In Review: Music Of 2018 (10-1)

Well hello there. Thanks for clicking on to see the second part of my year in music review. Yesterday I got to my #11 of 2018, so let’s finish that countdown and see who ended up at #1.

#10 – The Lookout by Laura Veirs

I think it’s the first time since starting this blog where Laura Veirs has released a solo album of original material. I’ve loved her since reviewing her July Flame in 2010 and she’s since become one of my favourite purveyors of folk music. Yet, she still remains pretty much remains an unknown to most and that feels downright criminal.

The Lookout is an example of the sort of folk music that Laura Veirs does well. Her beautiful and instantly recognisable voice just seems to float above a guitar style that has become her signature. On many tracks she has perfected her formula from the last few albums (like ‘Seven Falls’, ‘The Meadow’ and ‘Margaret Sands’), but on others (like ‘Lightning Rod’) it’s good to see that she is still experimenting with possible augments to her sound and has gained a more political streak.

Is this the best Laura Veirs has ever sounded? Maybe not, but it’s another entry in a great discography.
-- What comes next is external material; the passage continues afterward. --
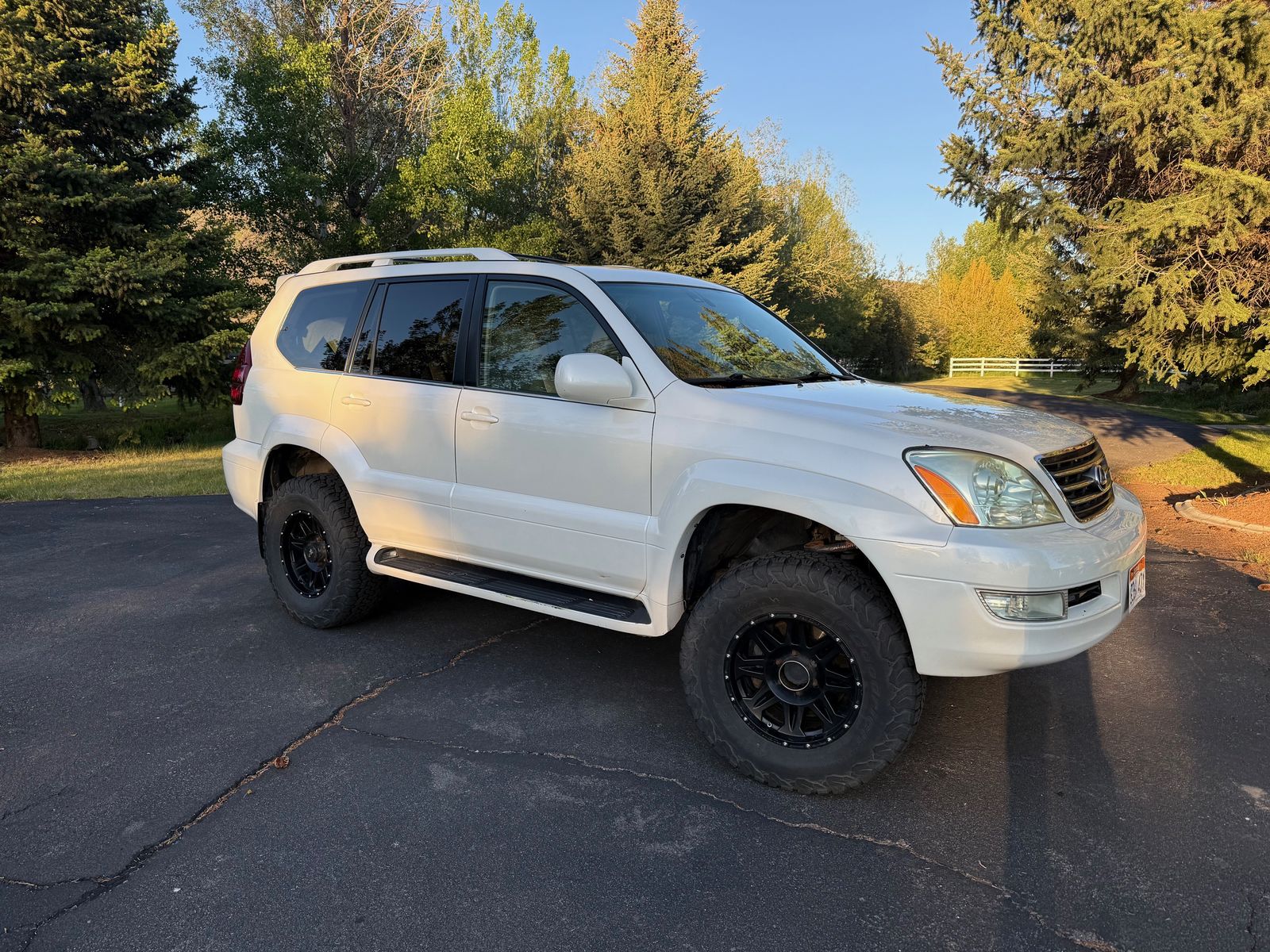 2004 Lexus GX Base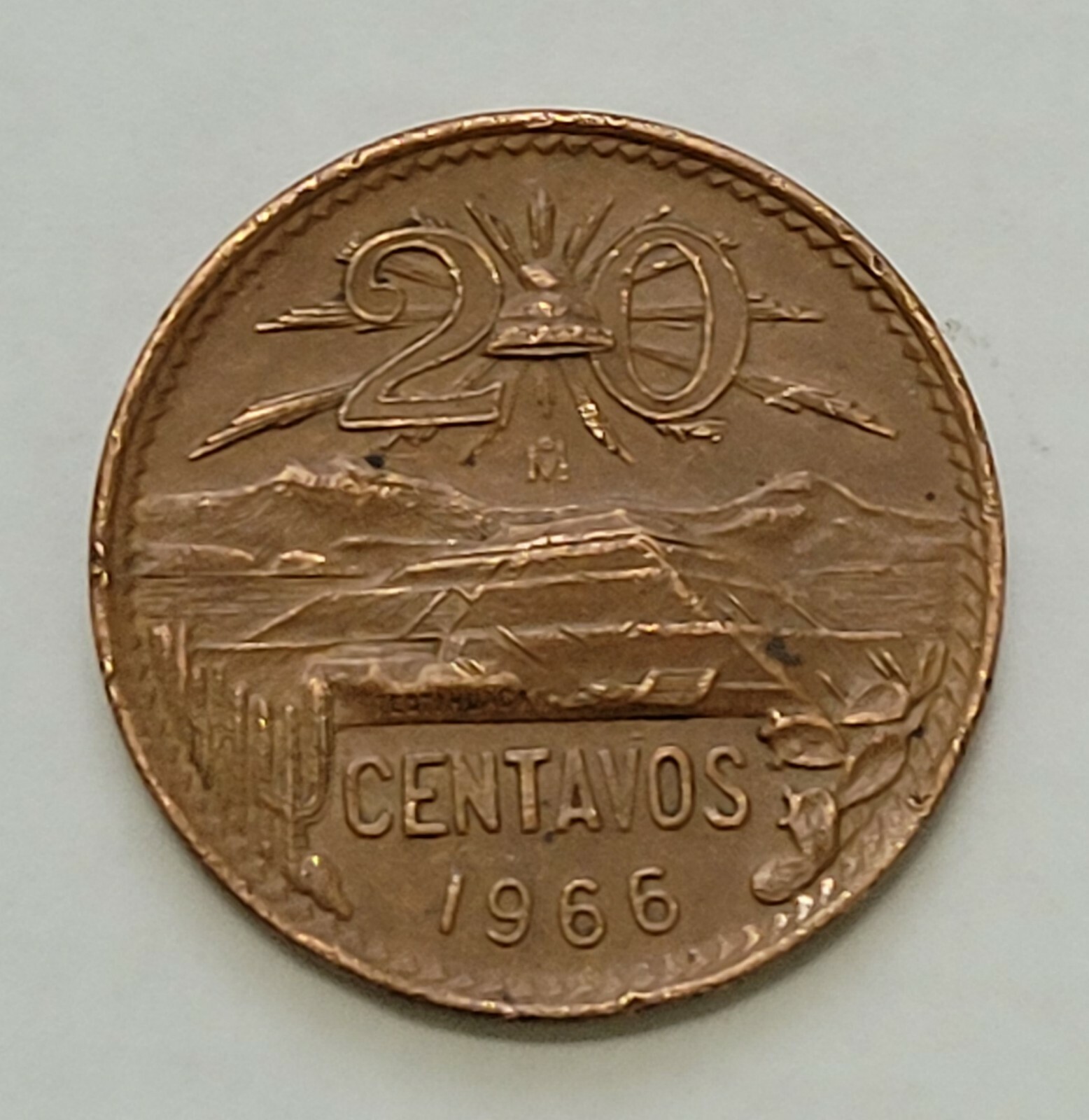 1966 Mexico Mexican 20 Centavos Sun Pyramid Coin BT-014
It’s also an interesting album to listen to after her collaboration with Neko Case and k.d. lang as it feels like she learned a lot from working with them.

Top Tracks: Seven Falls, Everybody Needs You, Watch Fire

#9 – Dirty Computer by Janelle Monae

I’ve been a huge fan of Janelle Monae for the last 8 years, starting with that very first play of her first studio album (and, to me, her magnum opus) The Archandroid. She’s a unique and much needed voice in the arts and has produced some of the most interesting music in the last decade (as well as demonstrating some considerable acting chops in films like Moonlight and Hidden Figures). It would be enough to make you sick, if the talent and ouvre didn’t live up and exceed the ever increasing hype.

As someone who has so been enjoying her concept album series Metropolis it saddened me somewhat that Dirty Computer would not be following up where Electric Lady left off. Thing is, that fictional series can always wait – Dirty Computer is the album she felt the need to make now and she delivered another excellent piece of work (even if I do end up skipping the ending raps from a number of tracks).

Compared to her previous work, Dirty Computer is more political and less experimental – which is why it is probably my third favourite of her three albums (and yet still in my top ten, which goes to show how stupid it is to rank Janelle Monae against herself). It took me longer than normal to get into this album, but I am there now and still finding an almost daily reason to listen to ‘Screwed’.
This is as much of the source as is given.